= 1972 Language violence in Sindh =

1972 Language violence in Sindh occurred starting on 7 July 1972 when the Sindh Assembly passed The Sindhi Teaching, Promotion and Use of Sindhi Language Bill, 1972 which established Sindhi language as the sole official language of the province resulting in language violence in Sindh.

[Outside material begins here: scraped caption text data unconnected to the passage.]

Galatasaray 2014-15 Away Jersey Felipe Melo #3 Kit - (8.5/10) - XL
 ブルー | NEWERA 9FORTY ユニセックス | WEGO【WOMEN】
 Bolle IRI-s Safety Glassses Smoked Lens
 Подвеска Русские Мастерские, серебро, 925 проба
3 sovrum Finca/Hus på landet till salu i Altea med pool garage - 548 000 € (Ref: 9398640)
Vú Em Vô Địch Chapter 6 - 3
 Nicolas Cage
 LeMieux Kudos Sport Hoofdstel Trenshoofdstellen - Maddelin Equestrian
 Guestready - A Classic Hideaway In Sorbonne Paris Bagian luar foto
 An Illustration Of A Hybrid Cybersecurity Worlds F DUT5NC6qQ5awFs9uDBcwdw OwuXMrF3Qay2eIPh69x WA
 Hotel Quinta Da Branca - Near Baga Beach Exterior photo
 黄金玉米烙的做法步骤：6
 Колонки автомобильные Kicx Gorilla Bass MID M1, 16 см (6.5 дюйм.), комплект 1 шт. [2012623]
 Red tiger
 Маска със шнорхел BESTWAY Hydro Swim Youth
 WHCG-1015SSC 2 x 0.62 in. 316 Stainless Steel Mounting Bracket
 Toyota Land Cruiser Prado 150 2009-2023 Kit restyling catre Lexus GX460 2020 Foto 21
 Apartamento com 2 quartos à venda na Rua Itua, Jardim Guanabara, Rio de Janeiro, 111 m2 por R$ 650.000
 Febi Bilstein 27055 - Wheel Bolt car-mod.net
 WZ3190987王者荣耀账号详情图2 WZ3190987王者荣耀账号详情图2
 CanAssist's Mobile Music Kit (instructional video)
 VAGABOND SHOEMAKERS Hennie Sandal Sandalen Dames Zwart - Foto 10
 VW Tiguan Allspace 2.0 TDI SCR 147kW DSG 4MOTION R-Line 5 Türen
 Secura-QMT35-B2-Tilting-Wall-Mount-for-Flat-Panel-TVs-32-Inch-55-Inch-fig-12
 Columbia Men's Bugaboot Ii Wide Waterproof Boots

The proclamation of Sindhi as the official language of Sindh caused the Daily Jang, an Urdu language newspaper in Karachi, to publish a full-page story on their front page surrounded by a banner with the statement "Urdu ka janaza hai zara dhoom sey niklay" (It is the funeral of Urdu thus should be a flaunting one) by Rais Amrohvi.

==Violence==
Violent clashes erupted in Karachi and other towns in Sindh Province, Pakistan, resulting in the deaths of at least 19 people on the third day of protests over the choice of Sindhi as the official provincial language. The demonstrations were triggered by a bill passing Sindhi as the official language instead of Urdu, spoken by half of Karachi's Muhajir population. The army was brought in to enforce a 24-hour curfew. In total, 47 people were killed in the unrest. Then President Zulfikar Ali Bhutto planned to meet with both language proponents to find a resolution.

== Aftermath ==
In 1972, when the PPP-led Sindh government declared Sindhi as the province's official language, groups of Muhajir students formed the Muttahida Tulaba Mahaz Karachi (MTMK). The movement started by organizing a protest-movement by changing the number plates of motor vehicles into Urdu alphabets and numerals and had vandalized English signboards. Riots later broke out between the Sindh police and the MTMK in Karachi and between Sindhi and Muhajir youth elsewhere in urban Sindh.